Al abrir la puerta de la calle oyeron que Klein los llamaba desde la parte de atrás y Jude sintió una punzada de culpabilidad, hasta que recordó la mirada posesiva que había sorprendido en el rostro de Klein cuando había aparecido Cortés y había sabido que al fin tenía a todo el plantel reunido para su gran farsa. La culpabilidad se tornó irritación y cerró la puerta de un golpe para asegurarse de que él la oyera.
En cuanto volvieron al piso, Jude abrió de golpe las ventanas para dejar que la brisa, que seguía siendo cálida a pesar de que ya hacía tiempo que había caído la noche, entrara y saliera.
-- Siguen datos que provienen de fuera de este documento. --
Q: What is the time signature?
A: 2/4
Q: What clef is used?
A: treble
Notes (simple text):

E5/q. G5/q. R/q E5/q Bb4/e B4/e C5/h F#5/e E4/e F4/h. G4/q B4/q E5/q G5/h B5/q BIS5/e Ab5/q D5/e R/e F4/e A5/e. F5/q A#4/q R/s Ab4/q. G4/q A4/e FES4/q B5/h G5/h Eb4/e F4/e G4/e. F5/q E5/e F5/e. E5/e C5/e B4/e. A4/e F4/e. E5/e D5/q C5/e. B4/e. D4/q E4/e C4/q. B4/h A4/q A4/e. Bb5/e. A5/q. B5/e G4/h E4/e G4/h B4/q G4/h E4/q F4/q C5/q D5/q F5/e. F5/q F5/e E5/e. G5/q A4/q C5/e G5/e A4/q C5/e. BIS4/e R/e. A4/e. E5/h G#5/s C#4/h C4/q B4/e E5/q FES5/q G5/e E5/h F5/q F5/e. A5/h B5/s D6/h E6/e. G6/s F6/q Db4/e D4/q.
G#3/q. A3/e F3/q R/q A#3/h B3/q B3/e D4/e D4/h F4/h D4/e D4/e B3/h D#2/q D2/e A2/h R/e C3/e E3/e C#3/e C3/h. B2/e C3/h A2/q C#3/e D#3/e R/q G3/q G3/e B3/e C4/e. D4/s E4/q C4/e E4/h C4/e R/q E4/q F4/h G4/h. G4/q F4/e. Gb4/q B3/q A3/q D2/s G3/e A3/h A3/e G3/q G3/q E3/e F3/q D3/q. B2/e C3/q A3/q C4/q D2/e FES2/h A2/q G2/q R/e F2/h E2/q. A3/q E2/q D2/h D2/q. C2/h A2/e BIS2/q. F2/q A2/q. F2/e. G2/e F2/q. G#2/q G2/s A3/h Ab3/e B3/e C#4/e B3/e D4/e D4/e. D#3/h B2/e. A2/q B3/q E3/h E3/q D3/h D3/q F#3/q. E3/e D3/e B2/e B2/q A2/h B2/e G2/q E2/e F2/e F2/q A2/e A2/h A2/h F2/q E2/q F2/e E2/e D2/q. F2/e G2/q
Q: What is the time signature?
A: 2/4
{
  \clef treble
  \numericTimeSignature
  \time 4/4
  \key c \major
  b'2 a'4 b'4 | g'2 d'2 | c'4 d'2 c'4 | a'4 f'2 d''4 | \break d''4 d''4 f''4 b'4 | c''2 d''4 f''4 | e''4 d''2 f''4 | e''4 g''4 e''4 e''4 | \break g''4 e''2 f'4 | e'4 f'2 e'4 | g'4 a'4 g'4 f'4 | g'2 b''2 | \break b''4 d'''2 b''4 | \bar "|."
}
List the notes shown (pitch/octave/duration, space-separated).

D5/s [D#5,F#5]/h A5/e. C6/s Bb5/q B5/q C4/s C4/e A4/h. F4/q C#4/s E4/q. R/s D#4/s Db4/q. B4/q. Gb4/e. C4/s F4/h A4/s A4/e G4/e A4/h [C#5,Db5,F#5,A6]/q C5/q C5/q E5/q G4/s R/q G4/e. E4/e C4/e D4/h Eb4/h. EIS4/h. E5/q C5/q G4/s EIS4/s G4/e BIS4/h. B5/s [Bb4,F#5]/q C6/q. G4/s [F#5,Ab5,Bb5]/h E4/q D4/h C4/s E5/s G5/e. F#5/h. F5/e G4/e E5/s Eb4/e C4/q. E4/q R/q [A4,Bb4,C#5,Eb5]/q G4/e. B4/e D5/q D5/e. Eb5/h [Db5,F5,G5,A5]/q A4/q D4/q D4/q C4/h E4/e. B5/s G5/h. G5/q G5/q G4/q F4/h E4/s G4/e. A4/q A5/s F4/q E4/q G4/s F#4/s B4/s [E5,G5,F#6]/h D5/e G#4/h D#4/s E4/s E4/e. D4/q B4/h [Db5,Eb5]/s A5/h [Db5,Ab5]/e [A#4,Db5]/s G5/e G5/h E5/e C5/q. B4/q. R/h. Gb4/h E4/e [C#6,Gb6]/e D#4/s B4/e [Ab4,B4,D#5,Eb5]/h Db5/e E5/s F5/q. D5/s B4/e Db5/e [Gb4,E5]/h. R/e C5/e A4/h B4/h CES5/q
Las noticias de la calle entraron con ella, claro está, pero nada trascendental: las inevitables sirenas; cháchara en la acera; jazz del club del edificio de al lado. Con las ventanas de par en par, se sentó en la cama al lado de Cortés. Ya era hora de que hablaran sin otro programa que no fuera la verdad.
—No pensé que fuéramos a terminar así —le dijo ella—. Aquí. Juntos.
—¿Te alegras?
—Sí, me alegro —dijo ella después de una pausa—. Tengo la sensación de que tiene que ser así.
—Bien —respondió él—. A mí también me parece natural.
Se deslizó por la espalda de la mujer y tras entrelazar las manos en su cabello, empezó a mover los dedos por el cuero cabelludo, ella suspiró.
—¿Te gusta? —le preguntó él.
—Me gusta.
—¿Quieres decirme cómo te sientes?
—¿Sobre qué?
—Sobre mí. Sobre nosotros.
—Ya te lo he dicho. Siento que está bien.
—¿Eso es todo?
—No.
—¿Qué más?
Jude cerró los ojos, aquellos dedos persuasivos casi le sacaban las palabras.
—Me alegro de que estés aquí porque creo que podemos aprender el uno del otro. Quizá incluso amarnos otra vez. ¿Cómo suena eso?
—A mí muy bien —dijo él en voz baja.
—¿Y tú qué? ¿Qué hay en tu cabeza?
—Que había olvidado lo extraño que es este Dominio. Que necesito tu ayuda para hacerme fuerte. Que temo actuar de forma extraña en ocasiones, cometer errores y quiero que me ames lo suficiente para perdonarme si es así. ¿Lo harás?